■ Exercise aim ■
In the records below, find the line that contains "Different colors of" and the line that contains "Close-up view of", then retype exactly those two lines and every line between them.

BEGIN Record set

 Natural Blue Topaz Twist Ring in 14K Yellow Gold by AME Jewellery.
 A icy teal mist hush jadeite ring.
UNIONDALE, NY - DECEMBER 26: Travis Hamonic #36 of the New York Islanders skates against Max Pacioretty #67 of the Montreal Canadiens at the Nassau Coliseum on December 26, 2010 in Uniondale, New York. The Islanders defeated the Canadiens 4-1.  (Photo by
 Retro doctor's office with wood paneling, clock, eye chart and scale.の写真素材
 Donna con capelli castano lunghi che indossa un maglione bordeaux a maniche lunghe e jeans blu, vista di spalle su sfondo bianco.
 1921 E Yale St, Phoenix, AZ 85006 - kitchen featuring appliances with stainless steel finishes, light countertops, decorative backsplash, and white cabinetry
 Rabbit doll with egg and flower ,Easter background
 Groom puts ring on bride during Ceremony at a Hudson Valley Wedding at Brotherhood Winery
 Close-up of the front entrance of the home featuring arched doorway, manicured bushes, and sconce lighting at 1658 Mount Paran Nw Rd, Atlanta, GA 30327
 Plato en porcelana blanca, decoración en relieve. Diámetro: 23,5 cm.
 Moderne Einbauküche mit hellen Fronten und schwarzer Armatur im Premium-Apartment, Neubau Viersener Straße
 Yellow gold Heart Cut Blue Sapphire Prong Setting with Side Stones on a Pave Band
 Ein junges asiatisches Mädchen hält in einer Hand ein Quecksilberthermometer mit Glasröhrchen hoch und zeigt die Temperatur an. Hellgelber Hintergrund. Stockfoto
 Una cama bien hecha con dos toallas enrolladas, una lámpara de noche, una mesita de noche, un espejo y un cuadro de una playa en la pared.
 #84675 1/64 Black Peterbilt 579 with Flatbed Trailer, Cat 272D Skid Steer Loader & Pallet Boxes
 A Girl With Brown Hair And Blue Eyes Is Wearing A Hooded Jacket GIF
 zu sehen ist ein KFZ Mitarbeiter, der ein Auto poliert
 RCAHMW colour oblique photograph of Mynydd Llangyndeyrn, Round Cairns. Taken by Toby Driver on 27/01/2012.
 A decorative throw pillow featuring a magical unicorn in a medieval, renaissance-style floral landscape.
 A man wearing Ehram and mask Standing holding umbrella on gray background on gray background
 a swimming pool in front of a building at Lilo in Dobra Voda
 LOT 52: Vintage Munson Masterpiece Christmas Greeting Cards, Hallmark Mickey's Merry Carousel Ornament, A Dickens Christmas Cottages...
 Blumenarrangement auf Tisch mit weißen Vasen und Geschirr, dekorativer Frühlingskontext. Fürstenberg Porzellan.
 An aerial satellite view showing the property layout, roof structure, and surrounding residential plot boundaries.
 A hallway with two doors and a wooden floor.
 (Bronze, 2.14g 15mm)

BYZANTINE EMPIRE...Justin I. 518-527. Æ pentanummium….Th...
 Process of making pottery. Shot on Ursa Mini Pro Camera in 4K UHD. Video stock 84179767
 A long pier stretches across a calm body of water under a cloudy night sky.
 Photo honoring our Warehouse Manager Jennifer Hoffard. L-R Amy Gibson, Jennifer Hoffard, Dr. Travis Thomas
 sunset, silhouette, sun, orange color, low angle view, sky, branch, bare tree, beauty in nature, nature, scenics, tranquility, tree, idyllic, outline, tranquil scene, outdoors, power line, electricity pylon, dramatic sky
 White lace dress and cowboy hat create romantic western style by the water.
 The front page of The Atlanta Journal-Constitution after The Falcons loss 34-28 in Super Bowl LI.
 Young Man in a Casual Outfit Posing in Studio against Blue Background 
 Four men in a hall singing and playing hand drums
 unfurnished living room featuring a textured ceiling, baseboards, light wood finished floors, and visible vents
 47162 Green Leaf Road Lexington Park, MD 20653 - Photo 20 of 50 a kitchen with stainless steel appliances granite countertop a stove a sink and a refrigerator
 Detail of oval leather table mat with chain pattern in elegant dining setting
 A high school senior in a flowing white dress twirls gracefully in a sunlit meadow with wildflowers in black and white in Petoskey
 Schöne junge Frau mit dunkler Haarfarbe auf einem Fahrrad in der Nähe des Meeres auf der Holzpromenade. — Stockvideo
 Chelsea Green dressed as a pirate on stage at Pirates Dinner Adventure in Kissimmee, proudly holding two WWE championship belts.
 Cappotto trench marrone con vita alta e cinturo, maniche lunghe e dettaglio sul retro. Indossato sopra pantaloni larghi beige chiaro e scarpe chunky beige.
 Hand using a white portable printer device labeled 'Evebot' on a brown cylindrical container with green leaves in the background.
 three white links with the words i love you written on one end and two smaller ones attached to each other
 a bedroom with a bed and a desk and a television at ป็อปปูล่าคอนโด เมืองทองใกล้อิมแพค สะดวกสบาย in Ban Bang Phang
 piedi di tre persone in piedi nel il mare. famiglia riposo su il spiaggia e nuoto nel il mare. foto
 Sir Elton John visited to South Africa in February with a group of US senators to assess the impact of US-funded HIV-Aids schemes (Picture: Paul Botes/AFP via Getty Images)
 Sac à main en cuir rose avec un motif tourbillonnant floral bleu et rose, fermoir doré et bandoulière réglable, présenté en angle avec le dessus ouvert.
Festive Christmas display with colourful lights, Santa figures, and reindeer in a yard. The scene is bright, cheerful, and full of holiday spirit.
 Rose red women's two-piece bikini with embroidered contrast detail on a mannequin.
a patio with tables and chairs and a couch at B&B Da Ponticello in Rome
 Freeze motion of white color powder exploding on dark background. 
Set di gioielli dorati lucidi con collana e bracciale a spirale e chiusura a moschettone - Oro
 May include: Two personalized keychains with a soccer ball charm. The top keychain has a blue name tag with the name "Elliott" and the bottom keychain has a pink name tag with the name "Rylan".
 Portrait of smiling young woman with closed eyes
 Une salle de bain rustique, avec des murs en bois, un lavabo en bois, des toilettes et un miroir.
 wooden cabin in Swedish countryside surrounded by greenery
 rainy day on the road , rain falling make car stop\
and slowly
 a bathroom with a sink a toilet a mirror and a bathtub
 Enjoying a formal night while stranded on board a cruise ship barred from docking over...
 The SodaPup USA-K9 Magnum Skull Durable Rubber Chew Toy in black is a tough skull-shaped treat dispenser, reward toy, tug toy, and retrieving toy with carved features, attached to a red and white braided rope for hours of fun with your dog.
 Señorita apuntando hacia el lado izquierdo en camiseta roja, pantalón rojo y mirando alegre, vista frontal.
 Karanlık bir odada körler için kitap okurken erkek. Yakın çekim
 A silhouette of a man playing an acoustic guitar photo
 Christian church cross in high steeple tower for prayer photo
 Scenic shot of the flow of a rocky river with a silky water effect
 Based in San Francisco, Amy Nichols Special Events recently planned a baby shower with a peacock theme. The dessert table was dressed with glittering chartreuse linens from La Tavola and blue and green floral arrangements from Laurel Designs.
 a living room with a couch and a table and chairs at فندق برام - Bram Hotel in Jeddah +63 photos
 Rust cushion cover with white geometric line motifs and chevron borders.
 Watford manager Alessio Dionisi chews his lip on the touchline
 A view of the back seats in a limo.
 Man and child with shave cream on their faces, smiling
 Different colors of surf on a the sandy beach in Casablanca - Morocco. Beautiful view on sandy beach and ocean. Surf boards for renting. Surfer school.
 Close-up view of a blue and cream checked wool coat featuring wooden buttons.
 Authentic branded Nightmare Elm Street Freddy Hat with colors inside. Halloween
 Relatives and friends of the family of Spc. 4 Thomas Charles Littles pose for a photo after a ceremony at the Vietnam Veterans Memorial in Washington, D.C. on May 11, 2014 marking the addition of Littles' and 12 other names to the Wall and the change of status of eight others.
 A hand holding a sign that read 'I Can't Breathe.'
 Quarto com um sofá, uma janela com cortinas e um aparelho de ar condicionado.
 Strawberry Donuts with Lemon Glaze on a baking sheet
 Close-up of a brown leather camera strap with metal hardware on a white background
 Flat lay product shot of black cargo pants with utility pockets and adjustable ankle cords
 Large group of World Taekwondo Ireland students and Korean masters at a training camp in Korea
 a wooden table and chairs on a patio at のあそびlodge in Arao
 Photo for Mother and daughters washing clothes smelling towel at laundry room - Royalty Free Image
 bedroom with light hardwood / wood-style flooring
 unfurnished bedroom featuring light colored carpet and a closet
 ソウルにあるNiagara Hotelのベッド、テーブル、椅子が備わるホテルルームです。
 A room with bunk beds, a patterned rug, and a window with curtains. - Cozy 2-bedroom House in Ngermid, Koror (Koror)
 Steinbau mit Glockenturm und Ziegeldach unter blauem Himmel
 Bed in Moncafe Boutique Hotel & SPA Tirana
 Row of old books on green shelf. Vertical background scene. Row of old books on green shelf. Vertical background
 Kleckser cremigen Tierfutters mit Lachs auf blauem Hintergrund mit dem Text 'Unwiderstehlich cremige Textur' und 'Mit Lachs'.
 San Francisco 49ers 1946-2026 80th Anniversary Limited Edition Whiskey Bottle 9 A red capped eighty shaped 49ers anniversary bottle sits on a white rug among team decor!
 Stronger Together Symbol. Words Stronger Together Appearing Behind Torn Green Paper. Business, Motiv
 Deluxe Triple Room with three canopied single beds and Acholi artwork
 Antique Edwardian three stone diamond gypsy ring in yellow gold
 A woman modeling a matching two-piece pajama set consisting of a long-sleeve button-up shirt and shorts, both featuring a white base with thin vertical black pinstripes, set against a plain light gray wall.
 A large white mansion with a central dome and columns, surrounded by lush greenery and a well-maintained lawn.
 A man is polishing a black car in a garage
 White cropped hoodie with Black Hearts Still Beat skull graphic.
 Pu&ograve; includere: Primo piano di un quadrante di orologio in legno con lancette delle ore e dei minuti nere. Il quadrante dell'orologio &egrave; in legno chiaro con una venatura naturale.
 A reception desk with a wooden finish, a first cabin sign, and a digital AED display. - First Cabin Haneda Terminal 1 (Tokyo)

END Record set

■ Exercise answer ■
 Different colors of surf on a the sandy beach in Casablanca - Morocco. Beautiful view on sandy beach and ocean. Surf boards for renting. Surfer school.
 Close-up view of a blue and cream checked wool coat featuring wooden buttons.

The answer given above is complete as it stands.